5 Disaster Recovery Testing Best Practices You Need To Know

Disaster has worked its way into our everyday lives and has become even more important than ever. Whether it’s climate disaster, extreme weather, human error or cybersecurity concerns, individuals and businesses have to learn how to navigate around interruptions and outages instead of simply hoping the worst-case scenario won’t happen. With following disaster recovery testing best practices you can prevent disaster, downtime and data loss and stay ahead of the curve.

According to the World Economic Forum, some of the top global risks for 2023 that will impact society over the next 2-year period include natural disasters & extreme weather events, large-scale environmental damage incidents, and widespread cybercrime and cyber insecurity, among other disaster-related topics. All of these risks are also projected to have an ongoing impact in the decade to come.

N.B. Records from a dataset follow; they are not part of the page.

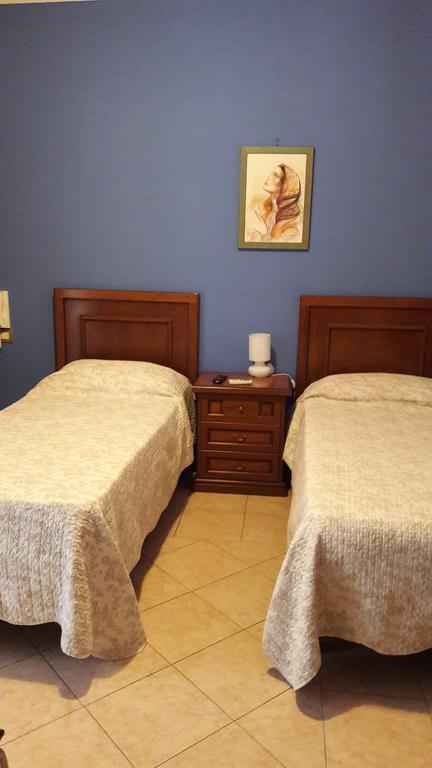La Villa Del Patrizio Όστια Αντίκα Εξωτερικό φωτογραφία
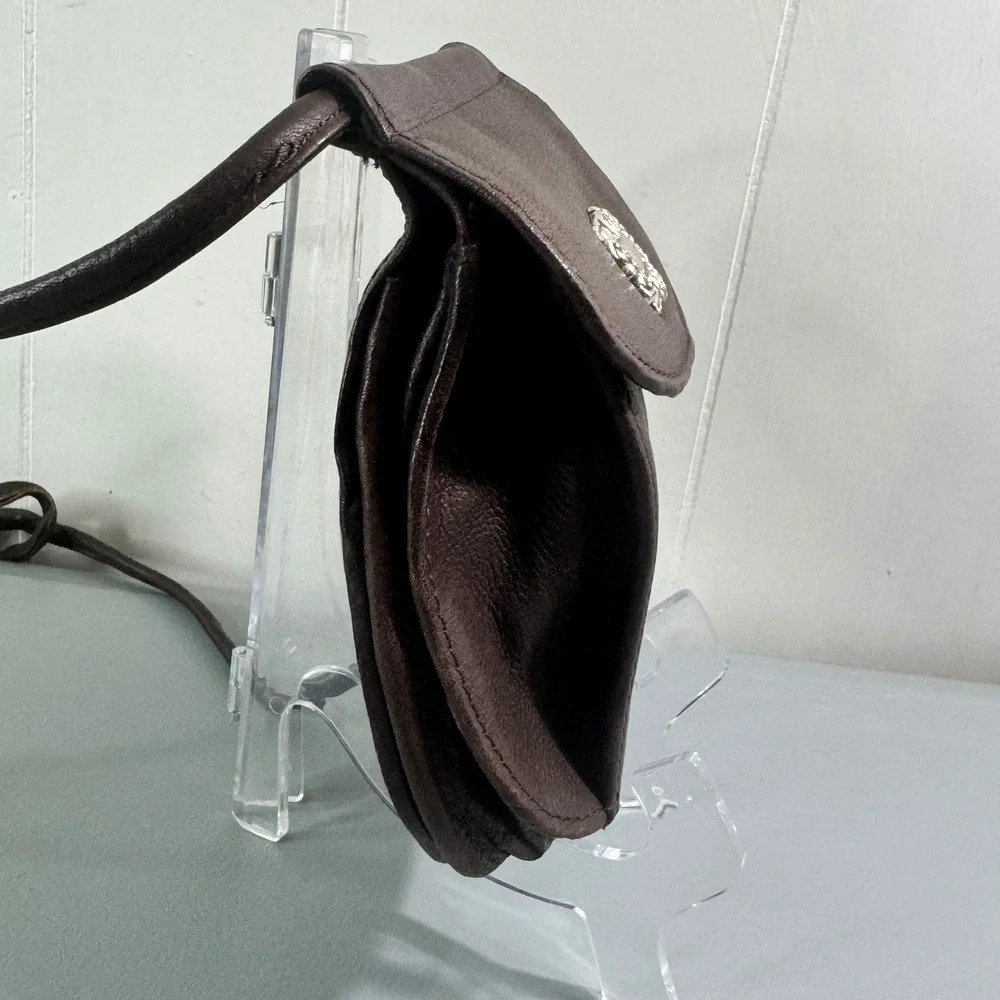 Vintage Fossil Brown Pebbled Leather Crossbody Bag Flap Filigree Detail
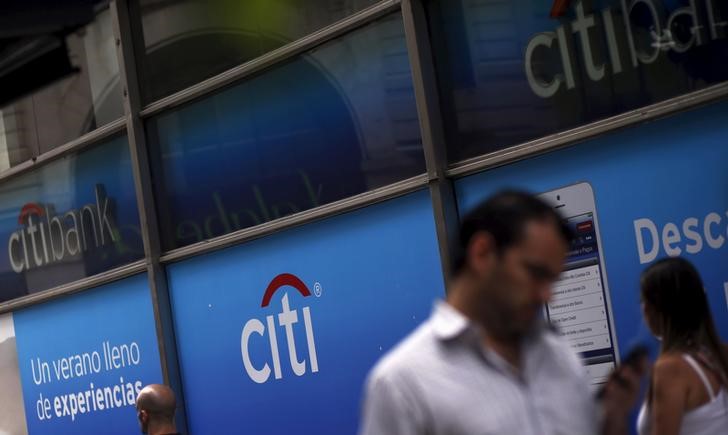 © Reuters. People walk by a Citibank branch in Buenos Aires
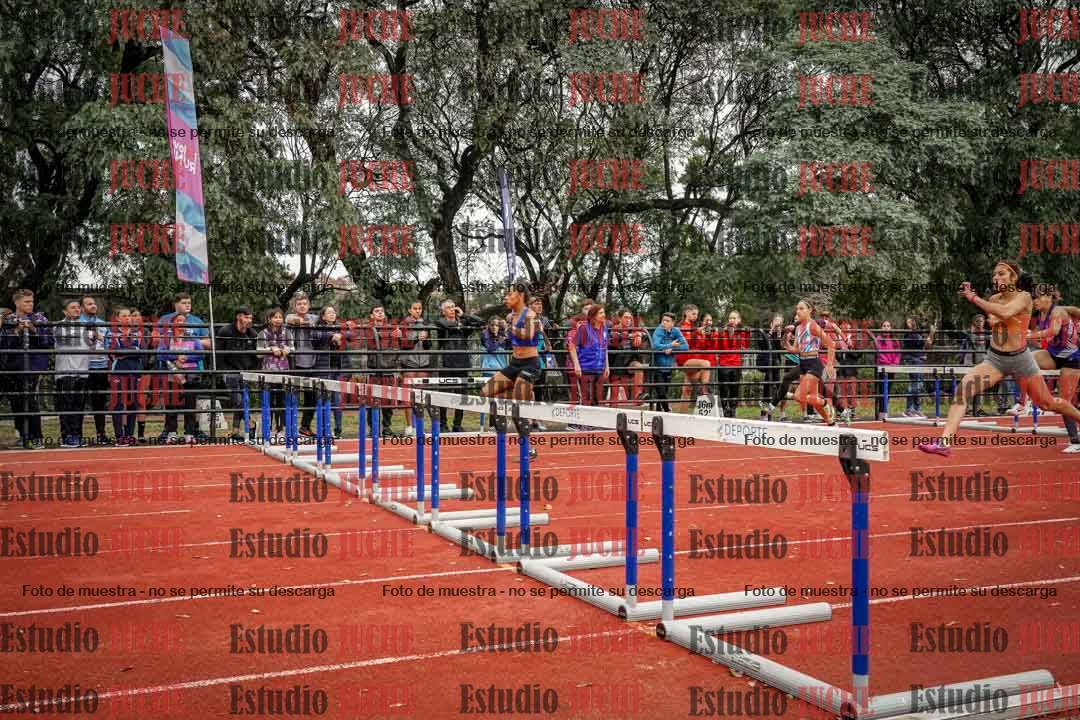 Fotos de los 100 m con vallas de mujeres
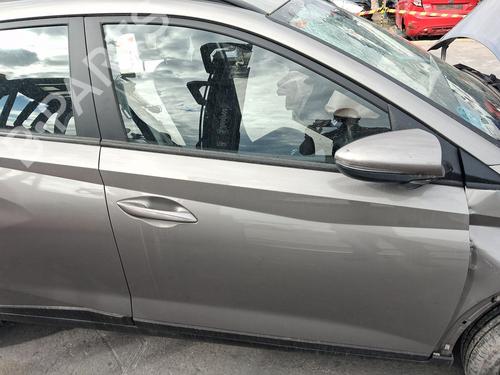 Used Right front door Right front door 39564093 39564093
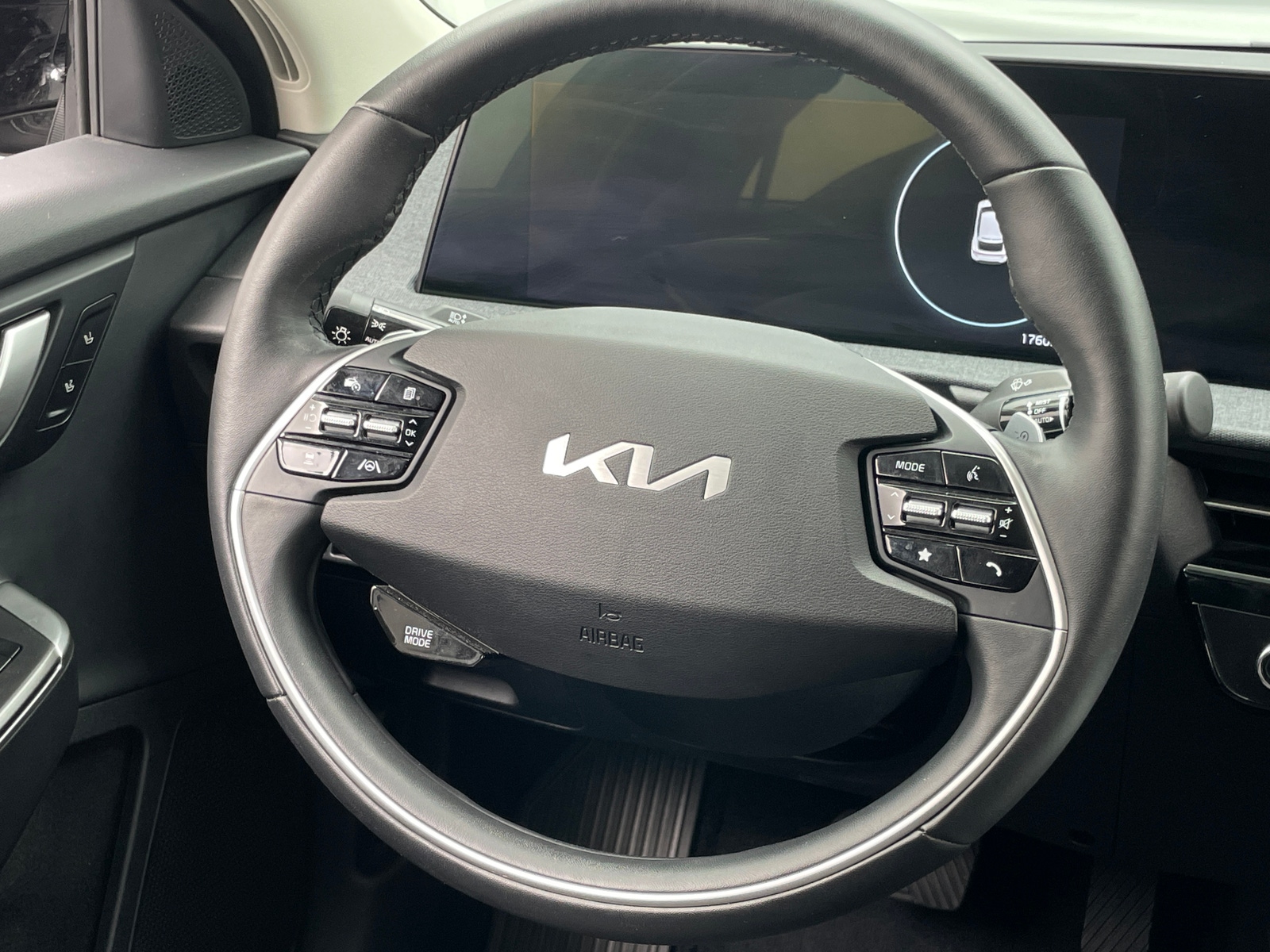 Thumbnail: 2024 Kia EV6 - 4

The pandemic has had long-reaching effects, and increased disaster frequency is no exception. Remote working conditions and economic insecurity have contributed to an increase in cyberattacks. In the face of these natural and man-made challenges, businesses need to ensure their data, applications, and workloads are protected. The best way to do this is through disaster recovery testing – ensuring best practices that your disaster recovery plan will go off without a hitch.

What Is A Disaster Recovery Plan?

A disaster recovery plan is often a component of a larger business continuity plan that adds structure to the company’s response to various types of disaster scenarios, as it relates to IT systems and infrastructure. Using a disaster recovery plan checklist allows you to respond and recover quickly when everyone is running around in panic mode.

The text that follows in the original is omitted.